# Congo 3rd time lucky, next weekend.



## Guest (Jun 15, 2007)

Next w'end camping at Congo after putting off a trip in the morning tomorrow.

Hopefully the the seas n sandmonsters have calmed down by then and the fishing/diving scene is the go again, will bring the the same setup as last trip with big kitchen and food/drinks storage.

I reckon the big snapper should be out in force on the outer reef if the weather permits, and am getting a serious itch to get back out off shore.

All welcome & wouldnt mind seeing a few of you Sydney yobbos turn up, we'll be there friday arvo late until sunday arvo late.
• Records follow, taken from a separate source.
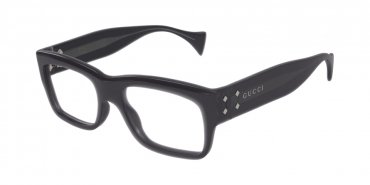 OKULARY KOREKCYJNE GUCCI GG 1707O 008 56 ROZMIAR M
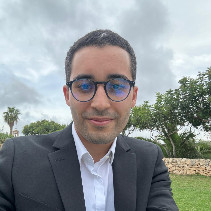 Hadi Oudghiri Hassani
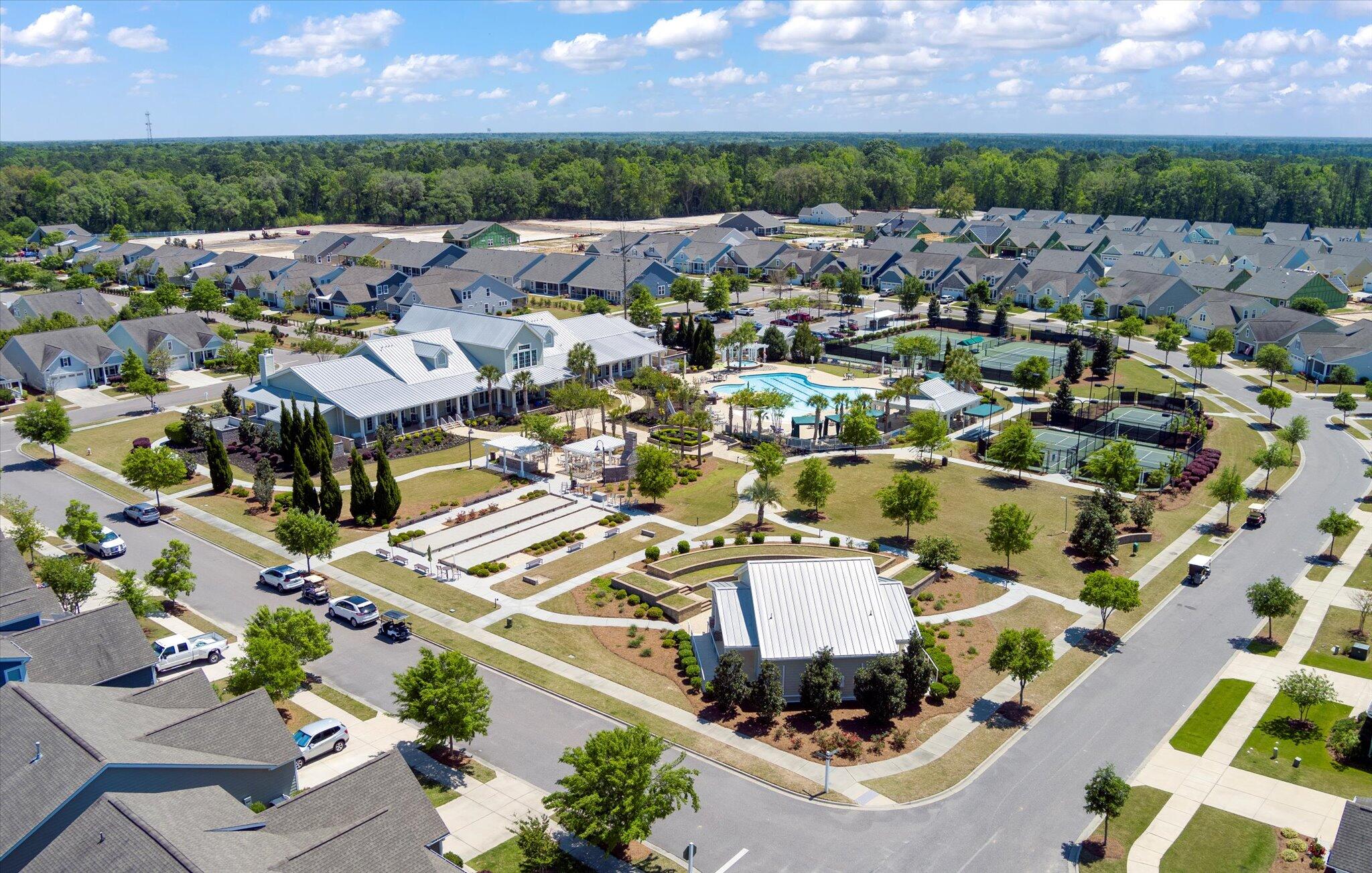 6002 Wild Azalea Road Summerville, SC 29483 - Photo 46 of 81 46-The Ponds_Cresswind_Lowcountry_Exposu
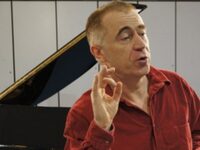 Sagesse de choeur Chœur à 3 voix mixtes, piano, solistes et récitants à Grenoble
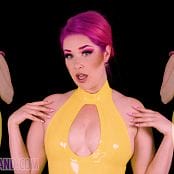 LatexBarbie Chastity Affirmations Mantra Files Part 2 Video 300921 mp4 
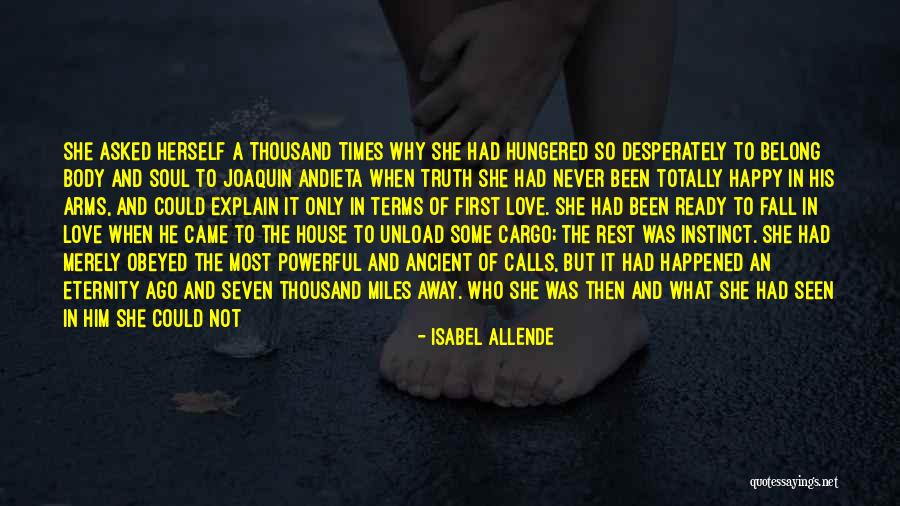 Isabel Allende Quotes 578794 Isabel Allende Quotes 578794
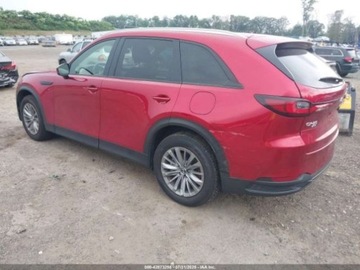 Mazda 2024 Mazda CX-90 2024r. 4x4, 3.3L 3.3 Hybryda 280KM, zdjęcie 2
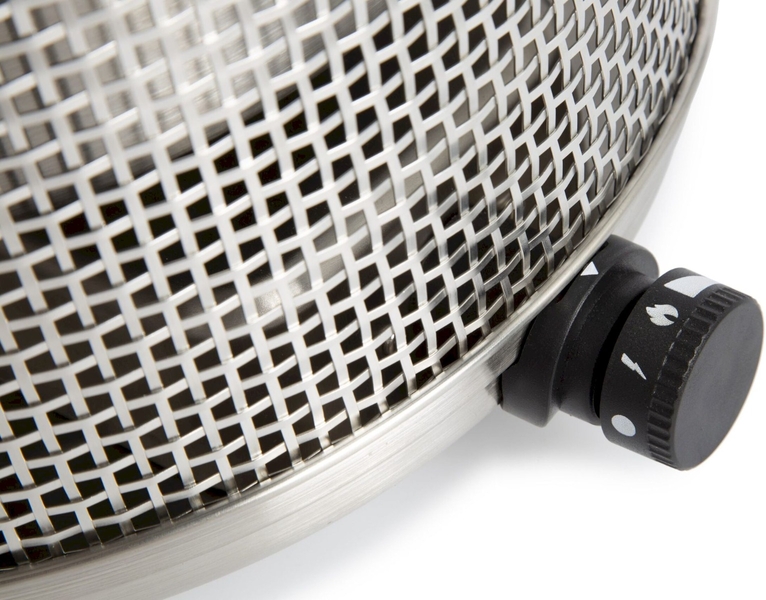 Cobb Premier+ Gas gasbarbecue - Grijs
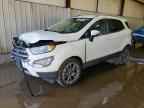 2021 FORD EcoSport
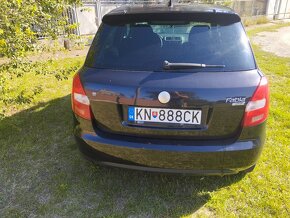 Škoda Fabia 1.2 htp - 11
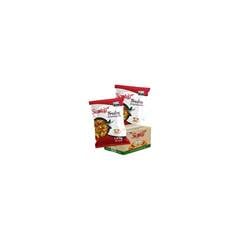 FRUTAS CRISTALIZADAS SICOLA 10KG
If it's calm it's gunna fire :wink:


----------



## Bart70 (Jan 28, 2007)

Hi Allan,

Like you I have been waiting a clear weather run....was down there last weekend but had to settle with fishing the Moruya river....decided to give it a miss completely this weekend.

Next weekend may not be looking that good..although I have not checked how legitimate it is.....but the news tonight indicated that the '3rd' of these intense low pressure systems is set to form again by the middle of next week - further south than the current one.

By this I would think they are meaning well south of Sydney.....if this is the case there may be potential for even worse weather down around Batemans Bay and Moruya that we saw with the previous 2 systems.

Is a pain in the butt for those of us who want to chase fish in the open waters....

We just wanna get out and fish!.....

Bart70


----------